2 Extreme flooding in Provence-Alpes-Côte D'Azur (PACA)

2.1 Study area and past flood disasters

The PACA region in France is characterized by steep slopes and deep valleys; the coastal plains are enclosed by the Cévennes mountain range to the northwest and the Alps to the east. Summer drought and intense autumn rainfall are typical features of the climate (Petrucci et al. 2019). Rainfall is concentrated over the period September–December (50% of annual total). Winter is drier with cold, continental winds. Flash floods are common in the region (e.g., Vinet 2008a, b; Vinet et al. 2012; Heinzlef et al. 2019), with a significant number of fatal historical events taking place since the creation of the CatNat national solidarity scheme in 1982. Some notable extreme flooding events that have provoked loss of life, as well as significant material costs, include the Vaison-la-Romaine floods (September 1992), the Draguignan floods (June 2010), and the most recent Côte d’Azur floods (October 2015). The region has also faced smaller flood events, such as the Var and Alpes-Maritimes floods (November 2011, November–December 2019) and the Nice floods (November 1994, December 2005). In Fig. 2, we provide a map of the study area (PACA region) and of the most notable flood events.

Fig. 2
figure 2

Map of major flood events in PACA

In the last 10 years, several PACA municipalities have attempted to emphasize resilience in their urban planning in response to repeated flooding (Heinzlef et al. 2019). For example, Avignon is applying a holistic methodology for resilience to floods with social (e.g., education, insurance), technical (e.g., engineering, transport network), and urban (e.g., economical dynamics, environment) characteristics. The city already uses these new results and mapping to build an urban well-being indicator.

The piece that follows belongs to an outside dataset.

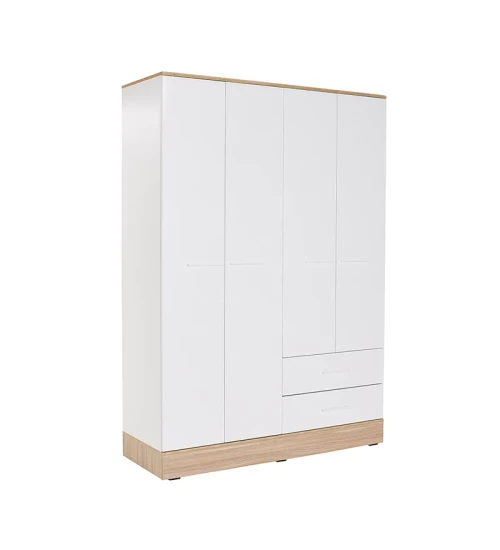 Ντουλάπα ρούχων τετράφυλλη σε χρώμα Λευκό-Sonoma 137x52x198εκ.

2.2 The October 2015 Côte d'Azur disaster

According to the official post-event report of the Préfet (regional authority) des Alpes-Maritimes (2016), on Saturday, October 3, 2015, between 20:00 and 21:45, an exceptional rainfall event took place between Mandelieu-la-Napoule and Nice (for official rainfall maps see Météo-FranceFootnote 1). The report also suggests that this event delivered approximately 200 mm of precipitation in two hours and is comparable to a catastrophic event that took place in the same region in 1966. According to Carrega (2016), these values correspond to a larger than 100-year storm. More specifically, the Cannes meteorological station recorded 175 mm of rainfall in two hours, which is approximately 80 mm more than the 100-year event (94.6 mm). This exceptional rainfall caused a substantial increase in surface runoff and subsequent river discharge (> 250 m3/s, again, larger than the 100-year event), in the Argentière and Brague rivers. In addition, due to the region’s steep slopes, which are covered by Mediterranean vegetation, large pieces of woody debris were swept into water courses, damming the main channels and causing water to be diverted onto floodplains. The Préfet’s report (2016) declared that 20 people lost their life during the event and that 1,200 people were in need of immediate disaster relief measures.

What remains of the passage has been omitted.